I recently stumbled upon this awesome writing prompt on Tumblr called “Write Your Witchcraft” that I thought would be an interesting series of reflections for myself. I haven’t really put a whole lot of thought behind my craft or practice beyond “why” and “how”, so I feel these questions will be a good way to honor my path. I might lump a few of the questions together depending on how long the answers are, but the first question deserves its own post, I think. Like an introduction.
What draws me to witchcraft?
Growing up, I was drawn to the concept of magic. My favorite stories, movies, and TV shows were those in which the characters possessed some sort of magical ability, or lived in a world where magic thrived. I was envious; I wanted to be just like those characters, wielding power that shaped the world in fantastical ways, living in a realm full of wonder and myth and legend. Most every kid’s dream, right? What we wouldn’t give to summon elements or influence objects or magic away all our problems.

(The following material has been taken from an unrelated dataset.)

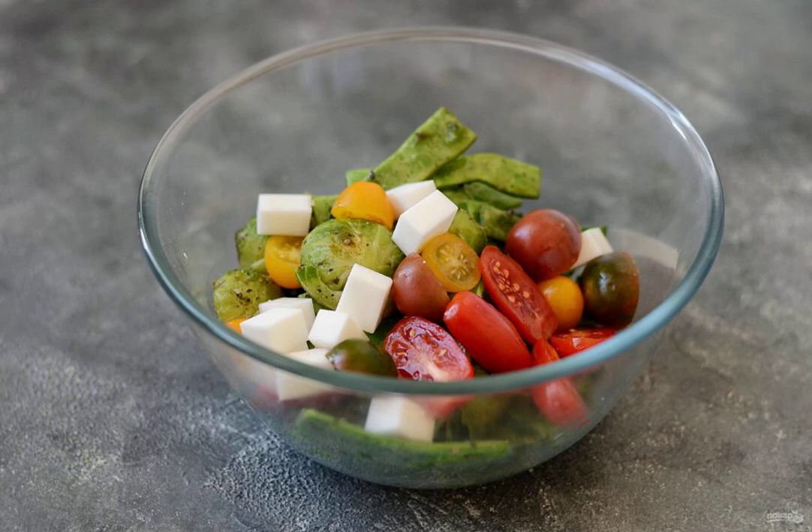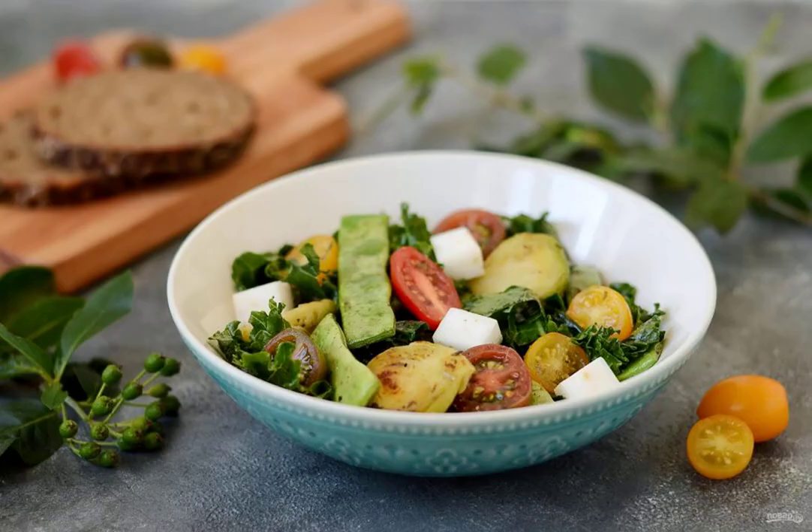Combine all the ingredients together. Add salt if necessary and mix gently. Sprinkle with balsamic vinegar. The salad with Brussels sprouts and green beans is ready. Enjoy your meal.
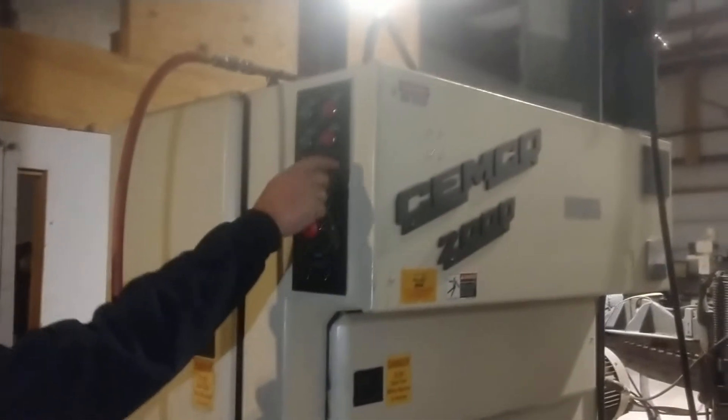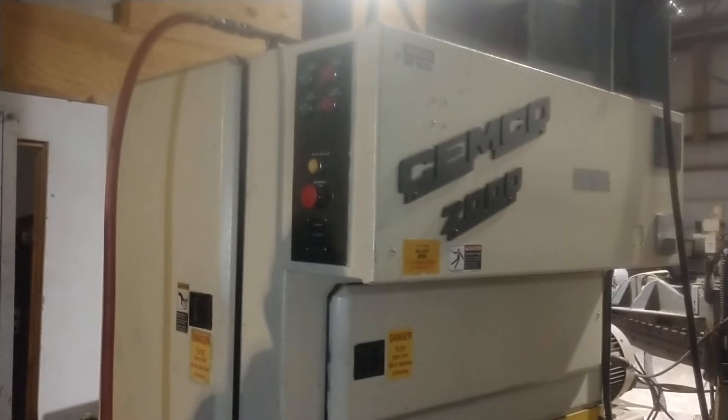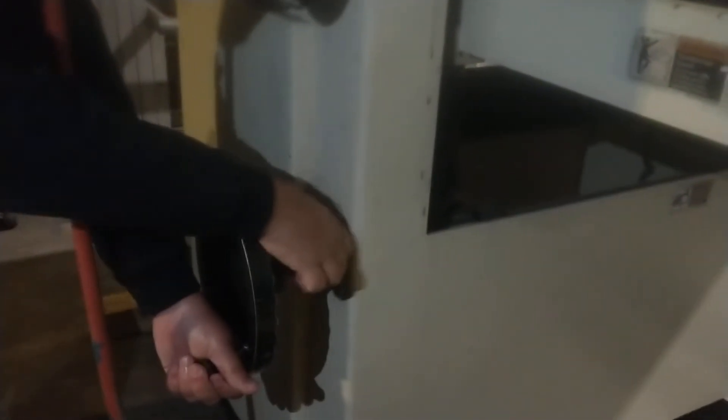Brake release? Yep. Start conveyor. That's up. Put it over here on the numbers. That's down.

As I grew older, those stories stuck with me. I became the person my parents more or less wanted me to be: quiet, amiable, polite, good student, driven, creative, motivated, responsible. At the back of my mind, however, I couldn’t shake the feeling that there was more to the world than what our limited senses perceive. Many of my teenage years were spent researching paranormal activity and psychic ability. I remember spending countless nights in my room trying various techniques that I could later show off, hoping beyond hope that maybe I had some cool power, some magic hidden away that I needed only to unlock.
Witchcraft wasn’t really one of my research topics at the time. I brushed it off as something exclusive to Wicca, and Wicca, to my teenage mind, was something “far away,” reserved only for a select number of people. I honestly didn’t explore witchcraft as something more than Wicca until a few years back, when I had exhausted my interest in spiritualist topics and found myself seeking more. Prior to that, I learned that I did possess some form of power — a small selection of gifts that allowed me to attune to something more profound than myself. That revelation was the foundation of my spiritual path.
I had power. I was power. And I could use that power to help myself, and others, and more than I could imagine… At least, that’s what it felt like.
It’s a thrilling thing, for an insecure teenager, to realize that you have worth and power. I wasn’t necessarily in a terrible place. Not at all. I wasn’t bullied by anyone other than my older brother, and his unkindness was that of a young man learning his worth and power — specifically, his power over me. If I made him unhappy, he made it known to me, and I felt powerless. My parents never really knew, and I was afraid to tell them. How could I tell them? The one time I tried, he denied it, and not even I, the responsible, honest daughter, could convince them otherwise.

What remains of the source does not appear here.